The social media teacher is quickly transforming media into an interactive teaching mechanism. When used correctly, social media is a very powerful and invaluable resource for ongoing learning.
The following is a list of Do’s and Don’t’s teachers should consider when using social media within their classrooms.
1. Spice up your everyday classroom activities.
Students can start to develop their writing skills through blogging instead of using journals. Teach students to work collaboratively through group work online. Open forums are a great way to let them critique, comment, and connect with one another.
2. Get yourself involved.
Create your own blog and update it regularly with class assignments, post discussion topics and have your students leave comments.

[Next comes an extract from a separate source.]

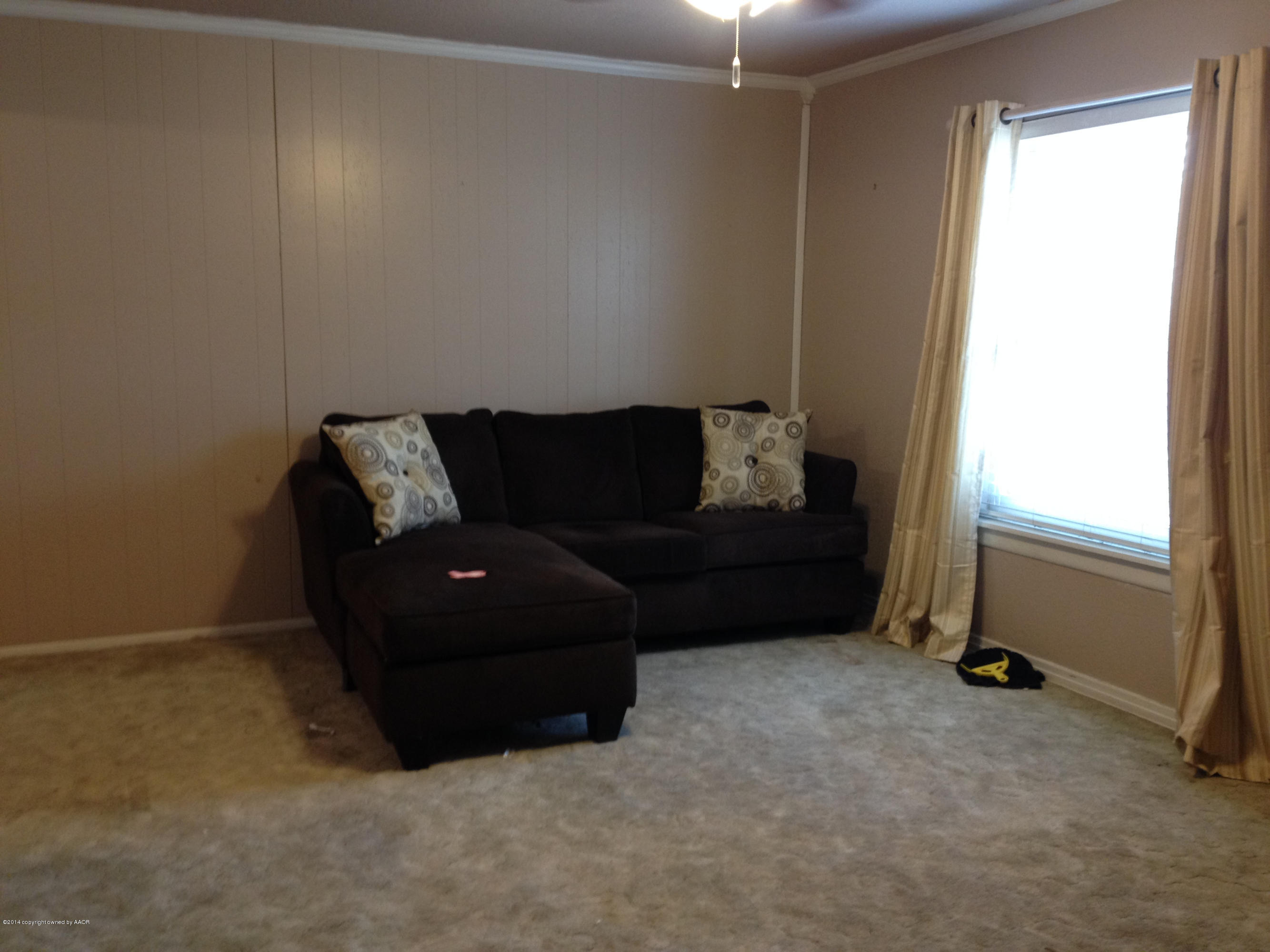 507 Southwest 44th Avenue Amarillo, TX 79110 - Photo 4 of 11 a living room with furniture and a window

Share interesting articles you come across, develop discussion topics for others to contribute to using hashtags, and constantly be updated on what’s going on around in the world.
3. Set up a monitoring system.
There are just as many dangers online as there are offline, be careful to monitor the language and conversations that are occurring. There are many free tools that allow teachers to control an online environment while still allowing students to benefit from social media sites. With a little supervision, online dangers can be minimized.
4. Build a strong Personal Learning Network.
The Internet provides access to people around the world, which means that there are millions of other teachers and parents that you can connect and share ideas with. Social media allows you to network and build relationships with like-minded people who can help contribute to your knowledge.
1. Forget about online reputation management.
Be careful to keep your personal and professional life separate. It is extremely important to make sure that the content posted will not lead to you or your students getting in trouble or casting a negative representation of your school establishment.
2. Become stagnant.
If you are engaging in social media, you should stay active and regularly maintain a constant stream of content. When you become inactive on social media, you can be either forgotten or viewed as irrelevant, which ultimately will lead to people not paying attention.
3. Try and do too much.
Know what your limits are before starting. Teaching, grading homework, tests, plus living your own personal life all make for a busy schedule. Add a bunch of social media sites to the mix and it’ll be amazing if you find time to sleep. Don’t take on more than you can handle. Start small and work your way up.
4. Forget traditional teaching.
Don’t focus so much on implementing digital learning into the classroom that you forget the conventional teaching style. Instead, you should use traditional methods of teaching in collaboration with social media. It’s important to embrace these new technological developments while remembering that the old ways shouldn’t be forgotten.
We hope these Do’s and Don’ts will help you implement social media into your classroom.